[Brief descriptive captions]

....................

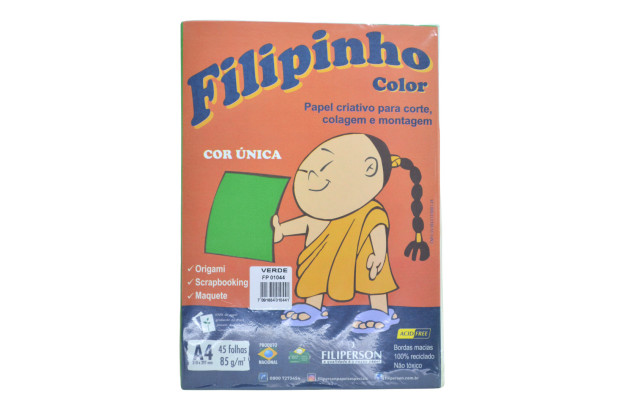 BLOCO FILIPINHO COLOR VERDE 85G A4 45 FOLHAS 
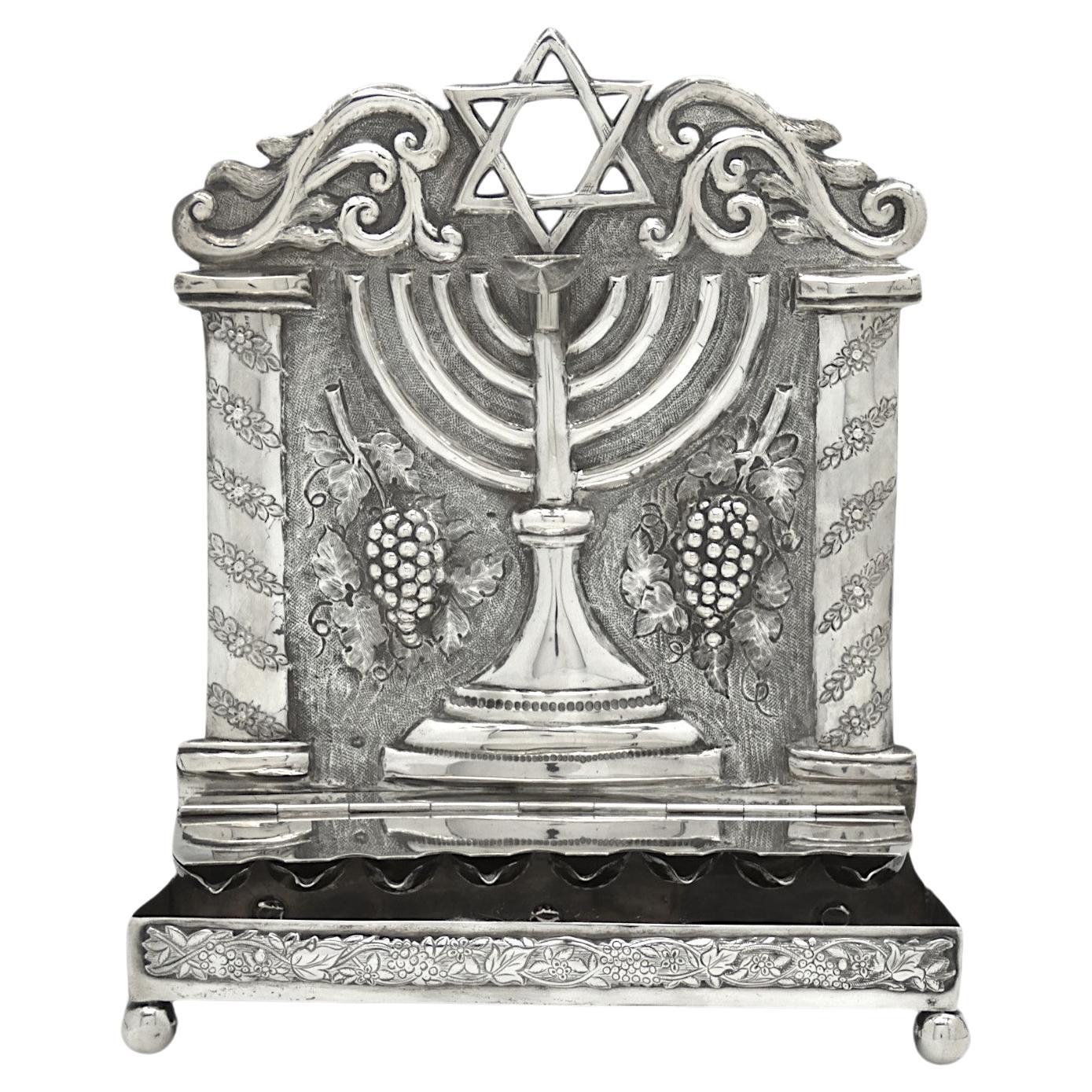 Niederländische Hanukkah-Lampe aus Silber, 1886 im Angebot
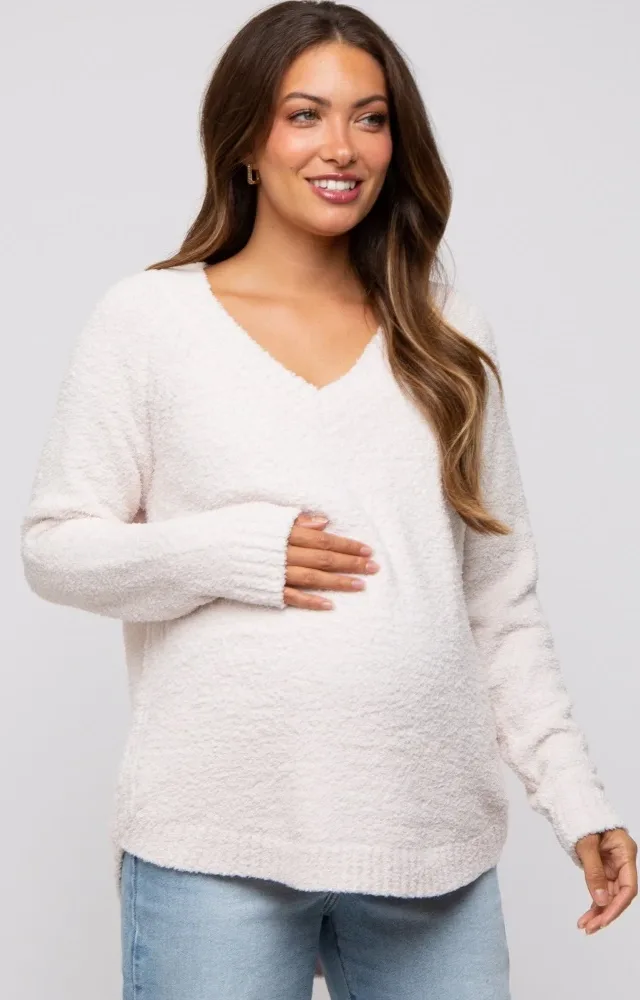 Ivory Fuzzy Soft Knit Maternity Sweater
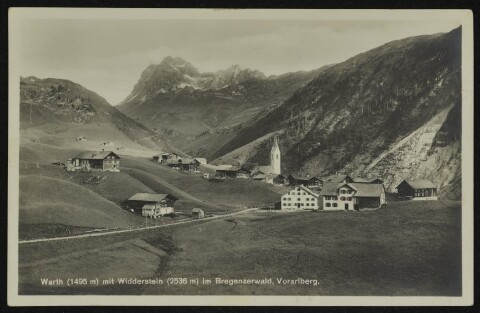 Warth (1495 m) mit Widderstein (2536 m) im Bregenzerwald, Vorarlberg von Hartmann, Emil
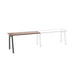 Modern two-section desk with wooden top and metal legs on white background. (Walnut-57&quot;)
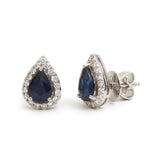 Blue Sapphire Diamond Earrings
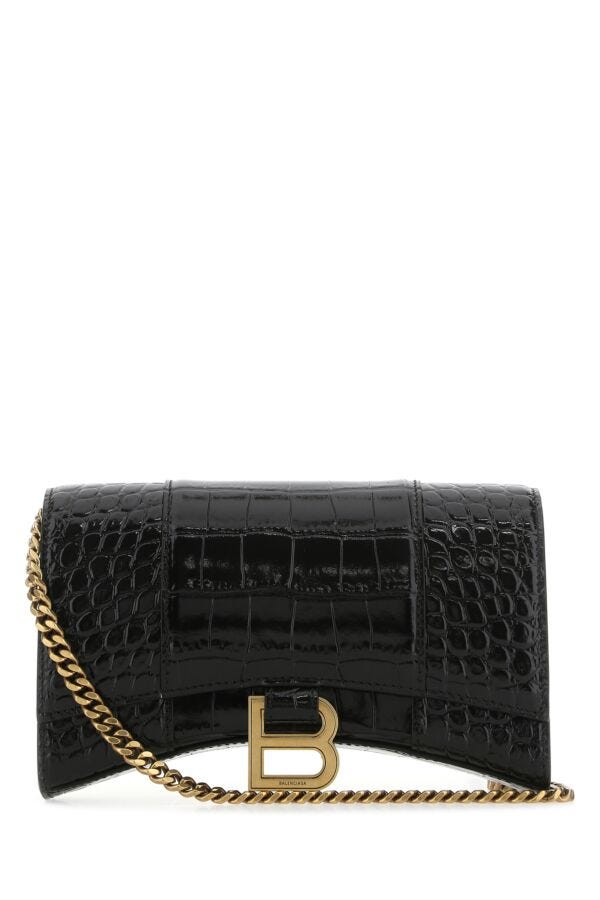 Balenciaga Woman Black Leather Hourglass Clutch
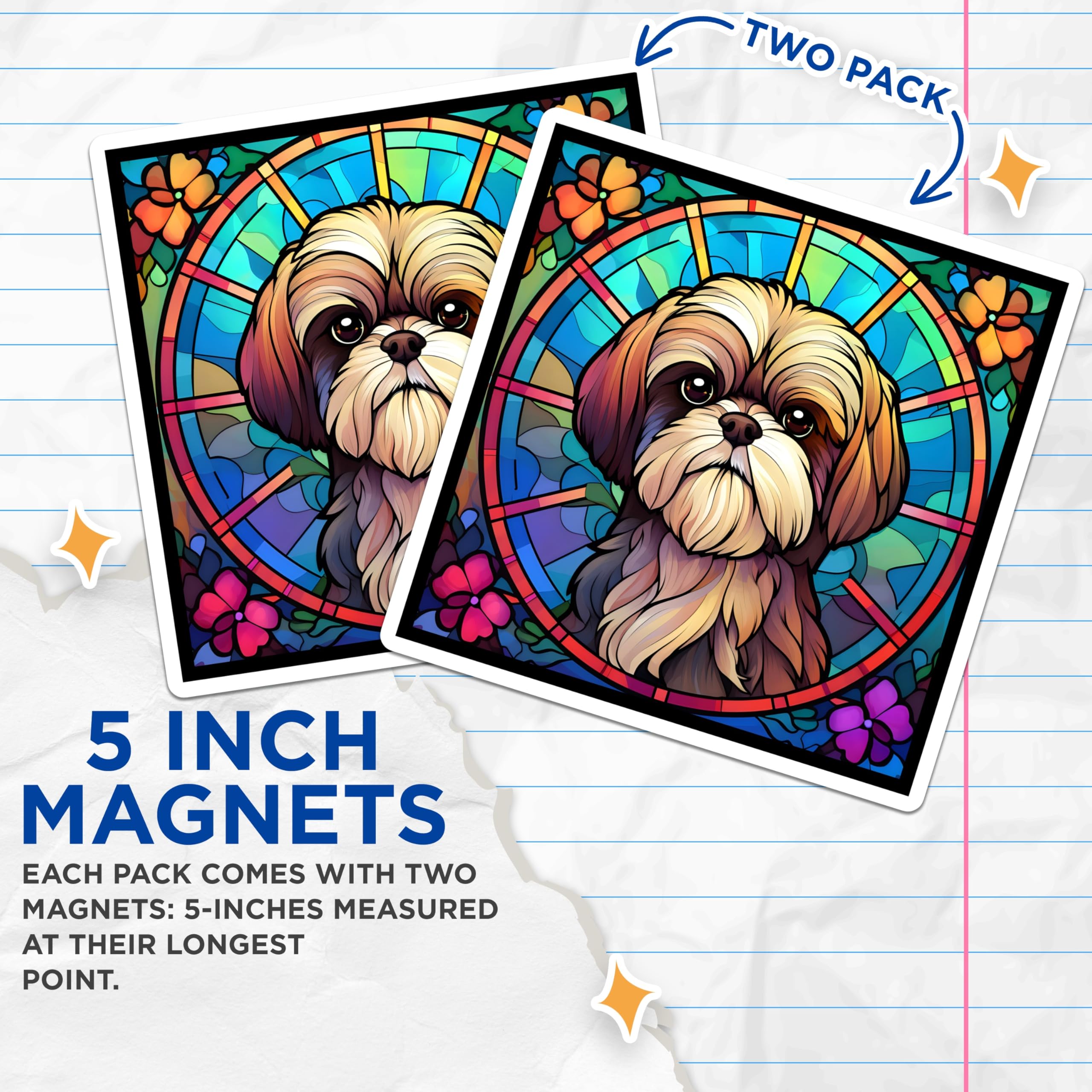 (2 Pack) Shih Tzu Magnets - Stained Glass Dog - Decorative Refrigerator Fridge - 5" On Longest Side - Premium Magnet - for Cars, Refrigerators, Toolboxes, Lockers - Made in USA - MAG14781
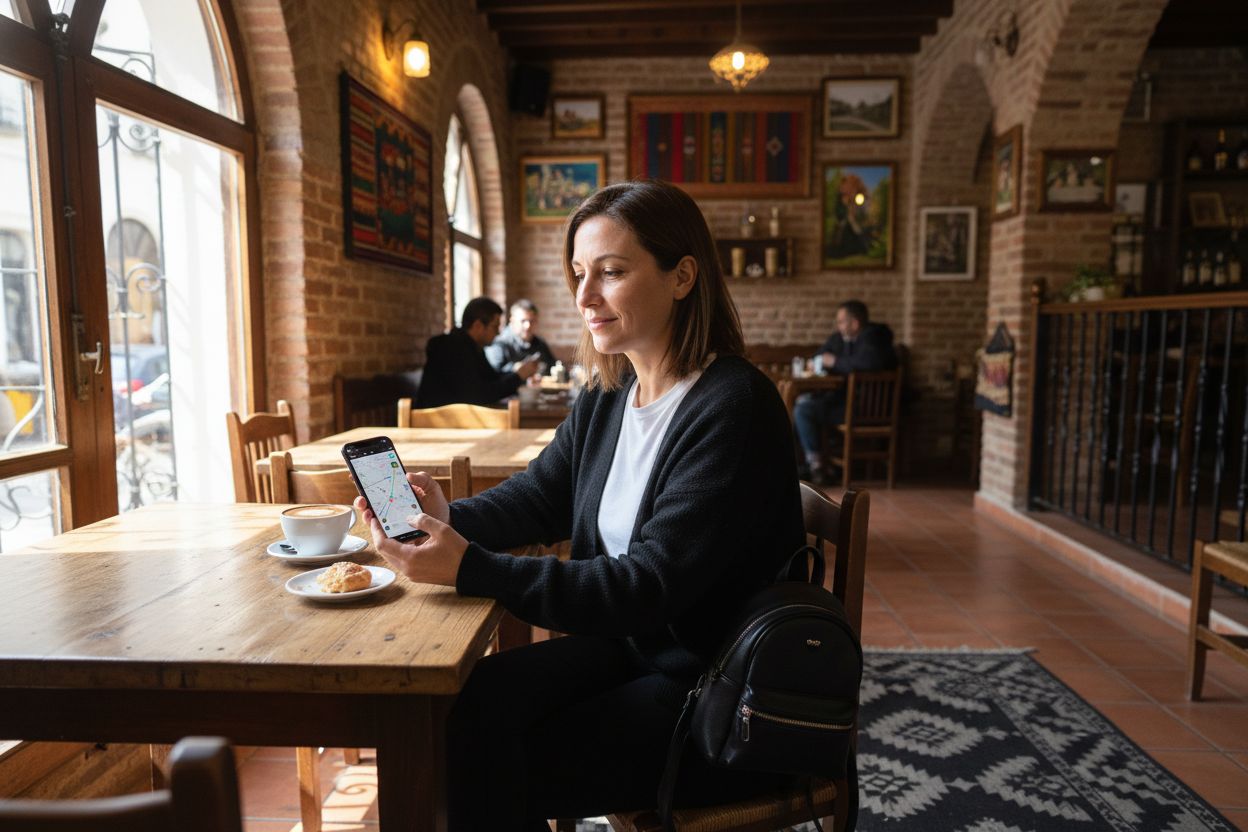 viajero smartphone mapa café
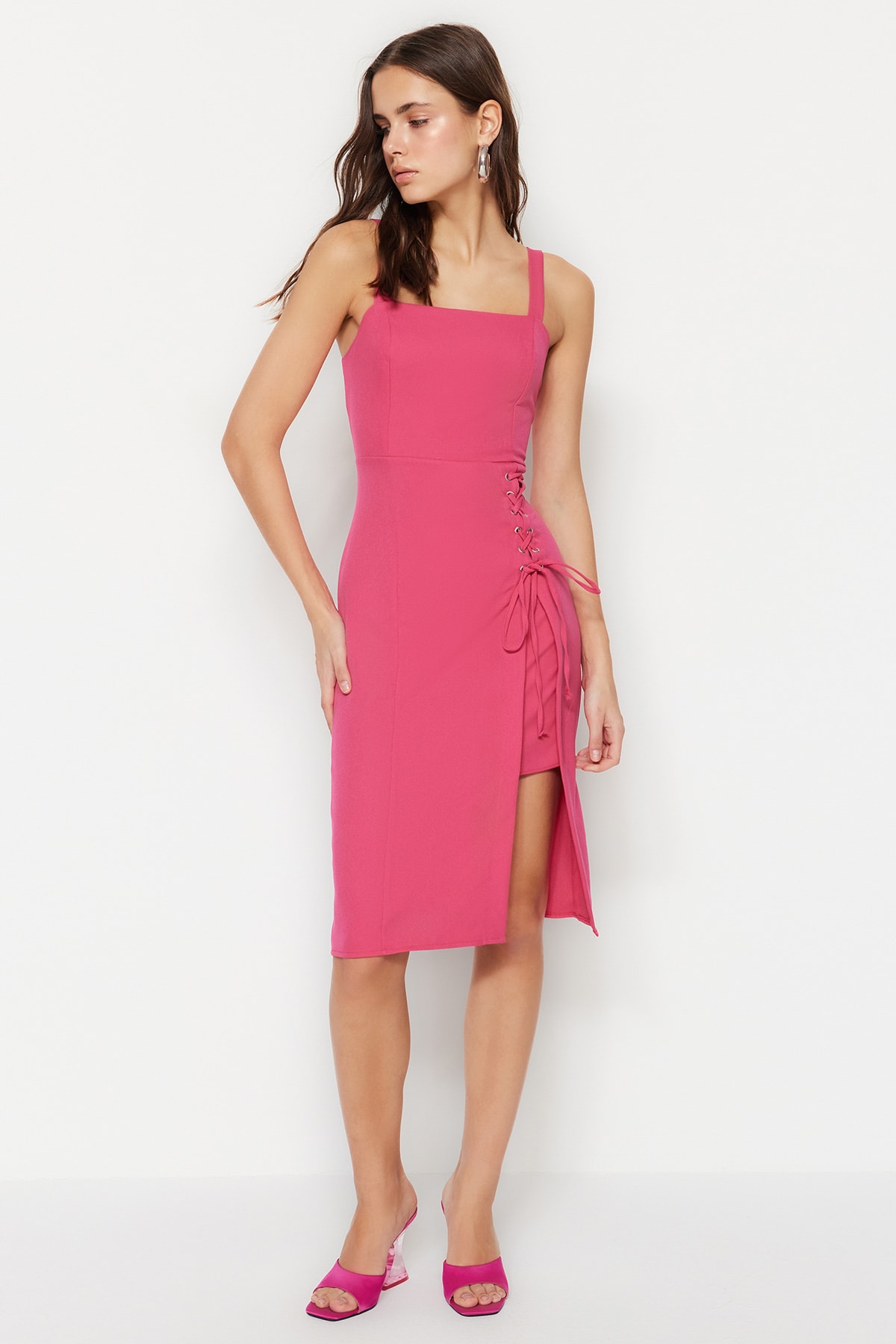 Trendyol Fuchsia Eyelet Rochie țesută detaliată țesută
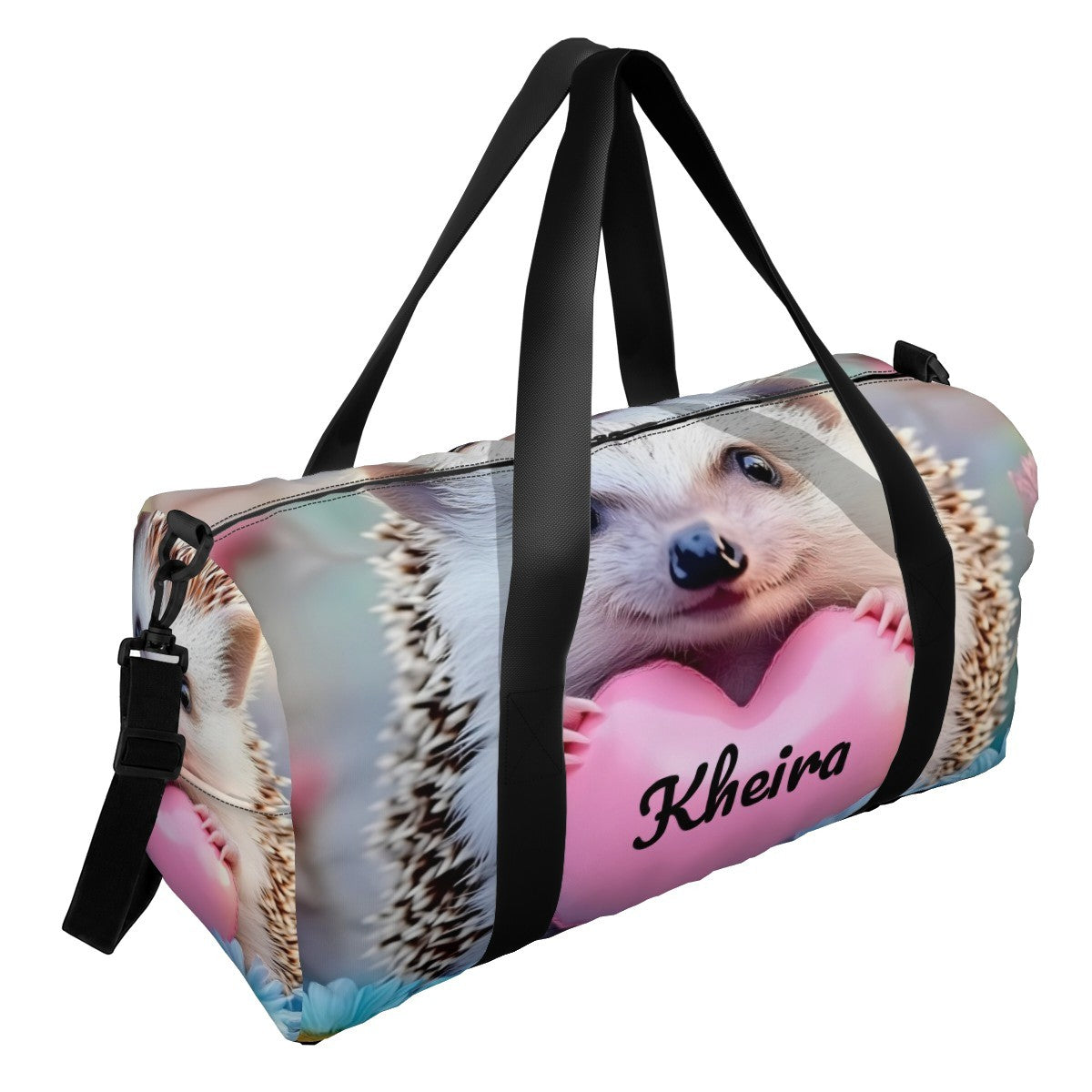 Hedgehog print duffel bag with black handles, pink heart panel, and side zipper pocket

....................

[What is expected]: Reproduce all the data as it stands. The pictures are not part of the copy.

[Answer]:
 BLOCO FILIPINHO COLOR VERDE 85G A4 45 FOLHAS 
 Niederländische Hanukkah-Lampe aus Silber, 1886 im Angebot
 Ivory Fuzzy Soft Knit Maternity Sweater
 Warth (1495 m) mit Widderstein (2536 m) im Bregenzerwald, Vorarlberg von Hartmann, Emil
 Modern two-section desk with wooden top and metal legs on white background. (Walnut-57&quot;)
 Blue Sapphire Diamond Earrings
 Balenciaga Woman Black Leather Hourglass Clutch
 (2 Pack) Shih Tzu Magnets - Stained Glass Dog - Decorative Refrigerator Fridge - 5" On Longest Side - Premium Magnet - for Cars, Refrigerators, Toolboxes, Lockers - Made in USA - MAG14781
 viajero smartphone mapa café
 Trendyol Fuchsia Eyelet Rochie țesută detaliată țesută
 Hedgehog print duffel bag with black handles, pink heart panel, and side zipper pocket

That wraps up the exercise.